- Exercise details
I would like the records restated word for word, without the pictures.

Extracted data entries
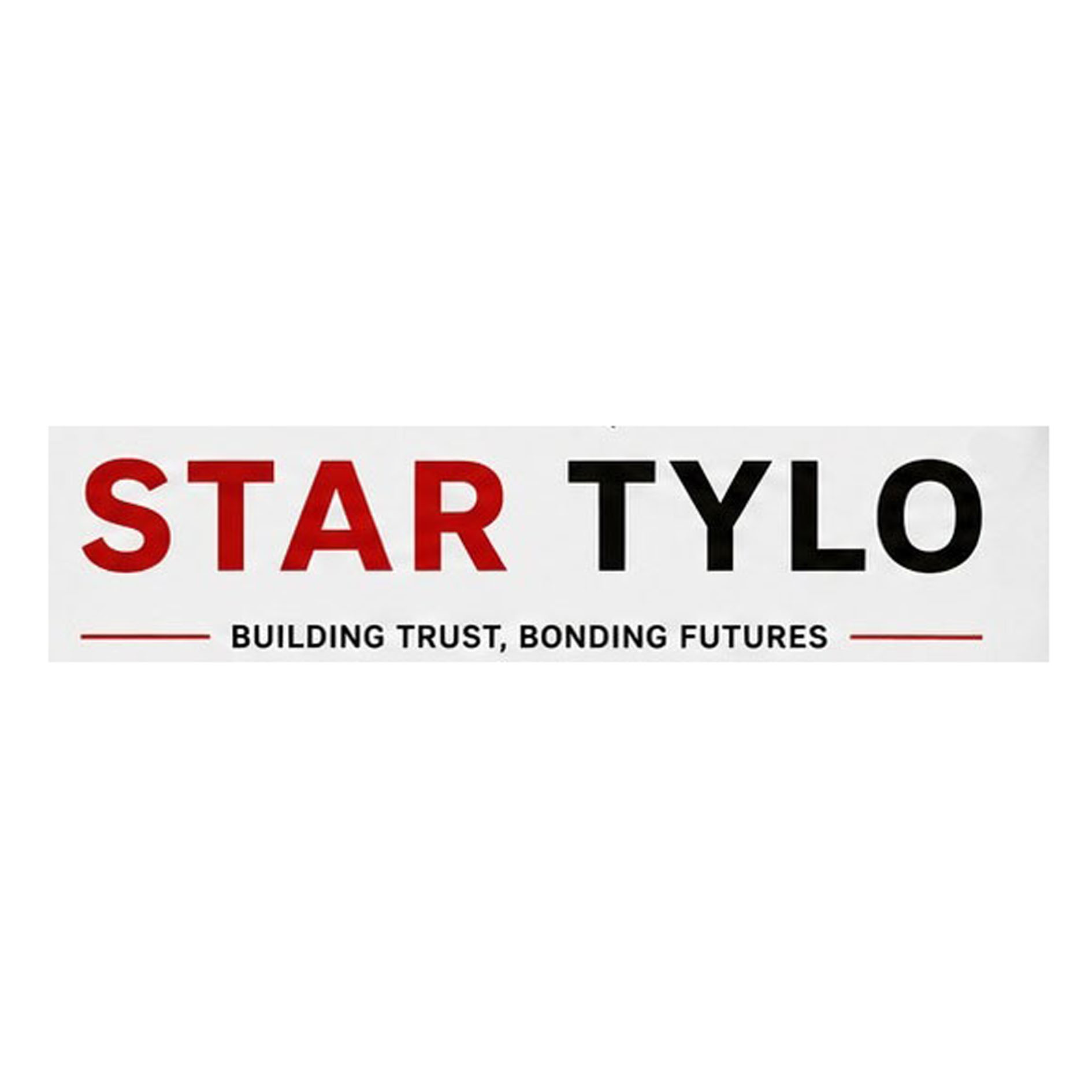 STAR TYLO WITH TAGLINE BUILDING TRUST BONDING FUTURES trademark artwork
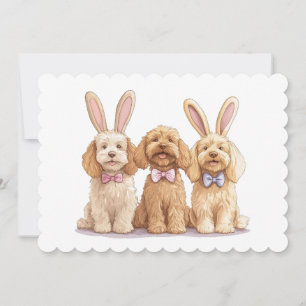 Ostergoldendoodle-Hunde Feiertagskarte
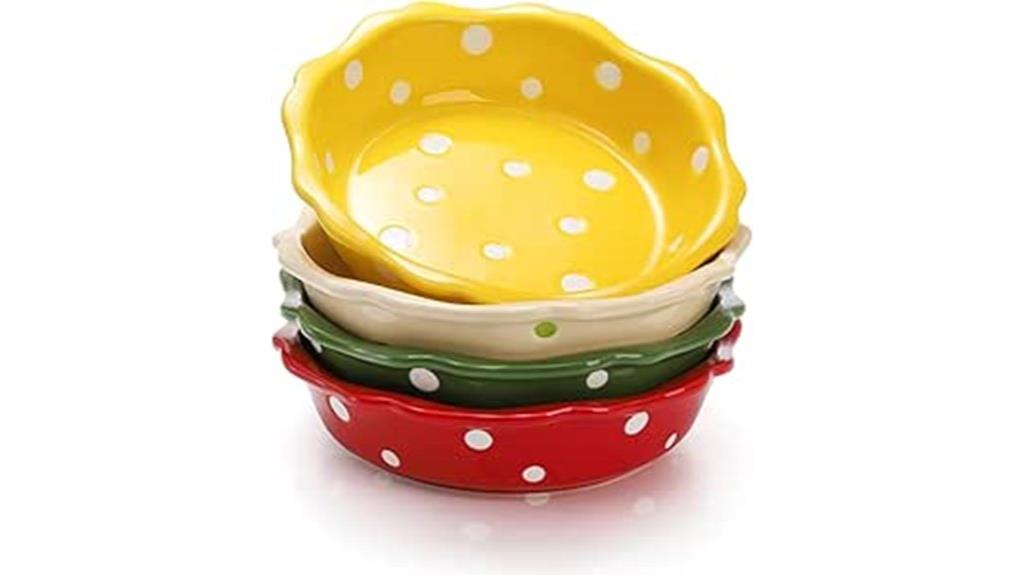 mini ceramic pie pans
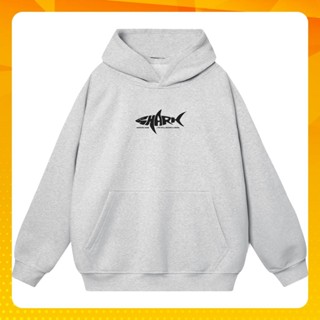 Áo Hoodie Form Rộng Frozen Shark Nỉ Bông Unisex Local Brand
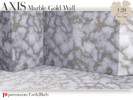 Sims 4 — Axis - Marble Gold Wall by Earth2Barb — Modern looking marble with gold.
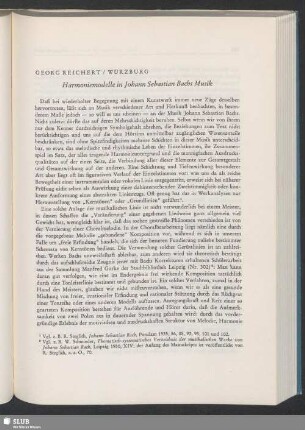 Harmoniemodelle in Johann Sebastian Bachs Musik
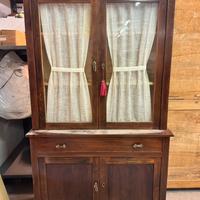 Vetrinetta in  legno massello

- Reply to the task
 STAR TYLO WITH TAGLINE BUILDING TRUST BONDING FUTURES trademark artwork
 Ostergoldendoodle-Hunde Feiertagskarte
 mini ceramic pie pans
 Áo Hoodie Form Rộng Frozen Shark Nỉ Bông Unisex Local Brand
 Sims 4 — Axis - Marble Gold Wall by Earth2Barb — Modern looking marble with gold.
 Harmoniemodelle in Johann Sebastian Bachs Musik
 Vetrinetta in  legno massello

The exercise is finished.